▶ _Problem statement_:
Going down the listing below, print exactly each line from the one with "A hotel room" up to and including the one with "with raised hand", and skip the rest.

▶ _Data to process_:

====================

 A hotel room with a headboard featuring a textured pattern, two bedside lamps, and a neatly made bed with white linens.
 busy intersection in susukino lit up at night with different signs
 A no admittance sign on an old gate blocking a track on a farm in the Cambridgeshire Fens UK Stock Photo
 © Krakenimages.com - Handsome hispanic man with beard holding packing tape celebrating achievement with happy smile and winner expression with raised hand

====================

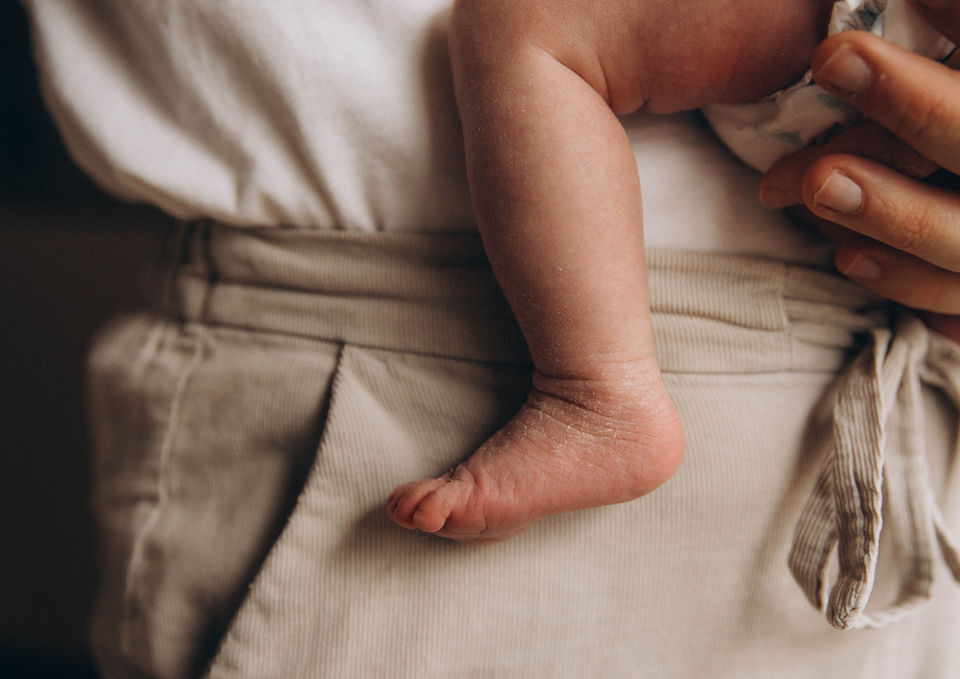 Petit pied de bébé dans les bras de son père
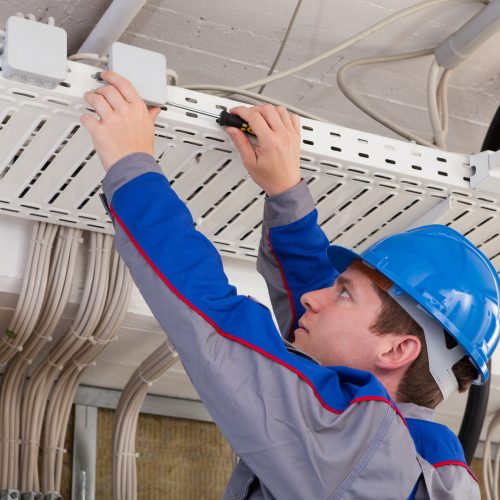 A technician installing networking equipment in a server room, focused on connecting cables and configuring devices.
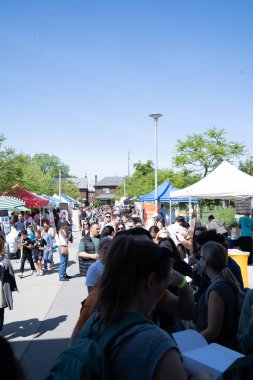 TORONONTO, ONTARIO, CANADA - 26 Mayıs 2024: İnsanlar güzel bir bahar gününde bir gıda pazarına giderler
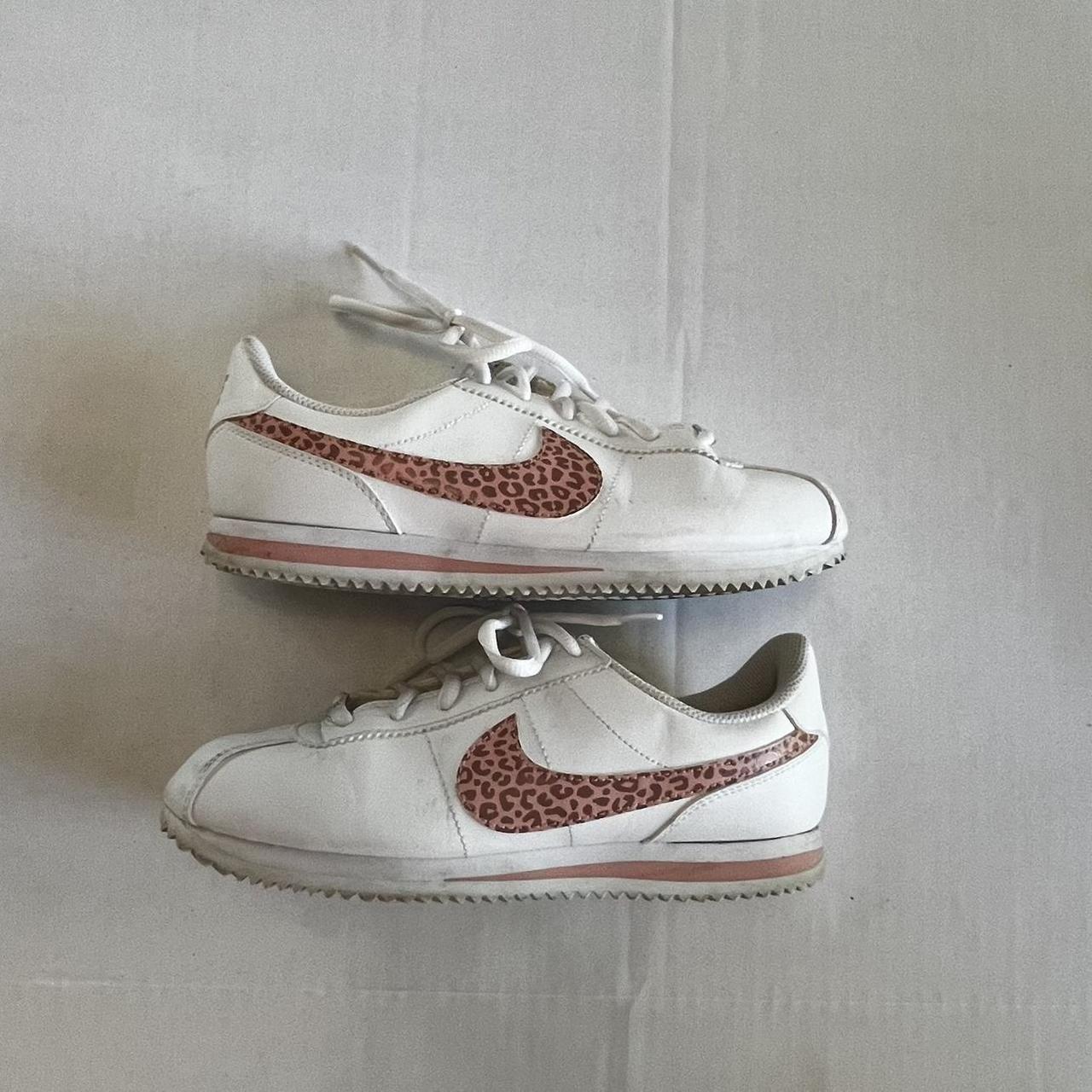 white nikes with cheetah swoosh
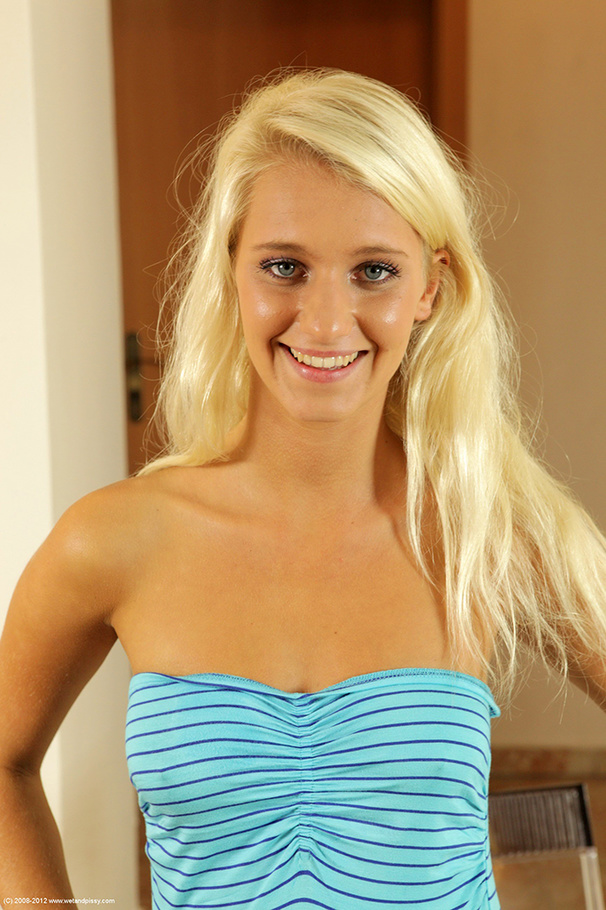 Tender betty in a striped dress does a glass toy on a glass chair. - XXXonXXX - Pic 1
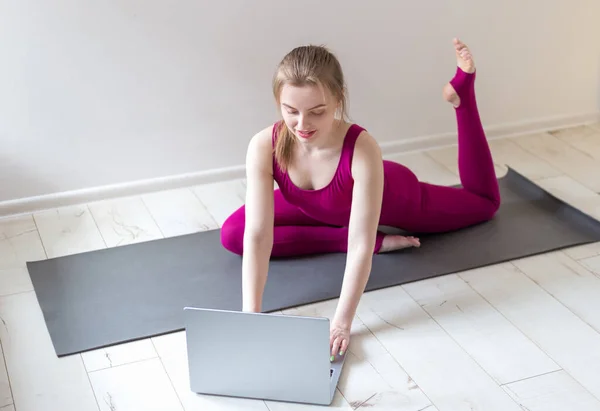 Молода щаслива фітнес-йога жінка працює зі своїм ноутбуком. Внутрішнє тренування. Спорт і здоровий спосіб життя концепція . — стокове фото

====================

▶ _Response box_:
 A hotel room with a headboard featuring a textured pattern, two bedside lamps, and a neatly made bed with white linens.
 busy intersection in susukino lit up at night with different signs
 A no admittance sign on an old gate blocking a track on a farm in the Cambridgeshire Fens UK Stock Photo
 © Krakenimages.com - Handsome hispanic man with beard holding packing tape celebrating achievement with happy smile and winner expression with raised hand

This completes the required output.